Demetrios [00:54:42]: He has what you should be thinking about. What questions should you be asking in this life cycle piece? Right. And so if it's ingestion or if it's transformation, and by how you answer that, it gives you a few constraints and then it helps you make your decisions a lot easier.
Stefano Bosisio [00:55:03]: Yeah.
Demetrios [00:55:03]: Because if you're just going off of, oh, well, it's new, it's got a lot of attention around it. I've heard, I've heard good things from people about XYZ tool that's not going to be the most adequate way of doing it. And so, yeah, man, I appreciate you creating the course. Hopefully a bunch of people out there go and they check it out and they learn a ton from you. This has been really fun.
Stefano Bosisio [00:55:28]: It was really nice. I hope people will like it. And also they can write a comment, say Stephanie, you've been too serious. Please add some fun to the course that maybe some points. I was very serious where when it comes to explaining cube floor, how to install it, you need to keep embrace yourself. But to be just so this, if.
Demetrios [00:55:50]: This is the 101 course, what's going to be the 202 course?
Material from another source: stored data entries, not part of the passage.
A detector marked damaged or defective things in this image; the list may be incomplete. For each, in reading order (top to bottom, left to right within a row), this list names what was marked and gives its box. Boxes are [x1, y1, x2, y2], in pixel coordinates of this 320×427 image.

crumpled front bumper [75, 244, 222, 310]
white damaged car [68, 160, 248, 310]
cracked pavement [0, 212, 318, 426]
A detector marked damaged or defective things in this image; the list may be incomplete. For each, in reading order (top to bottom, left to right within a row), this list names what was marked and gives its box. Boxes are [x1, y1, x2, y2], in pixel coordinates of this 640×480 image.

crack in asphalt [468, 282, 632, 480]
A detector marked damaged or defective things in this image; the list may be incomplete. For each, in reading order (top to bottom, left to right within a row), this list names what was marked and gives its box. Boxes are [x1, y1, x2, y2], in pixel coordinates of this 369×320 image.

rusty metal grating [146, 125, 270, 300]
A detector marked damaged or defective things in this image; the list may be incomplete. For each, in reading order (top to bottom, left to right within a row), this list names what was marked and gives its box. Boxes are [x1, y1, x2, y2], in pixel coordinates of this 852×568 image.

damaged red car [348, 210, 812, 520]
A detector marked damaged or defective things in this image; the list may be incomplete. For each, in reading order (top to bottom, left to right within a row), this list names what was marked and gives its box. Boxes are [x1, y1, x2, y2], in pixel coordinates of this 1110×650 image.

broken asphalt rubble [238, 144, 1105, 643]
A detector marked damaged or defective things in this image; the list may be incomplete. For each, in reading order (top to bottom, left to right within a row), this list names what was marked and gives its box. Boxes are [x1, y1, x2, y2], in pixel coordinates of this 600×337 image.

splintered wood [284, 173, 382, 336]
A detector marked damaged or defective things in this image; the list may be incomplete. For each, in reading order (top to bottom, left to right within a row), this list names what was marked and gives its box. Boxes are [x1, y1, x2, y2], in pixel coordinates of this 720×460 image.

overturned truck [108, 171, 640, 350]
What's the next?
Stefano Bosisio [00:55:54]: God only knows. But definitely something about. Okay, everyone is trying to do something about LLMs, so it might be training LLMs, dealing with LLMs. We can explore that path in my bin. Something either lms or something very, very, very technical like infrastructure as code.
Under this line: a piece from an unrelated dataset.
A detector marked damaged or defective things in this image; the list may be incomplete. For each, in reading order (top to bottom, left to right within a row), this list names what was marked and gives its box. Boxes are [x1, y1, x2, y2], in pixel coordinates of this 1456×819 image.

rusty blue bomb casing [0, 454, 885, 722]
Demetrios [00:56:12]: Nice.
Stefano Bosisio [00:56:12]: Because terraform for shoplay, guys. Terraform. We do need it. We do need it. Having our ML platform being screwed up. Yeah, the matrix. We can talk about it.
Demetrios [00:56:27]: I love it. And if anybody has any other ideas on courses, just hit us up in the comments. And because we're building out the Mlops community learning platform, and I think it is a great excuse to get some of the incredible people like yourself in the community to create courses for the platform and disseminate the knowledge amongst the other community members.
Stefano Bosisio [00:56:52]: Two kinds. It's a way to give back to the community because there's a mutual benefit to learn also from the Slack channel.
Demetrios [00:57:01]: Boom, there we go.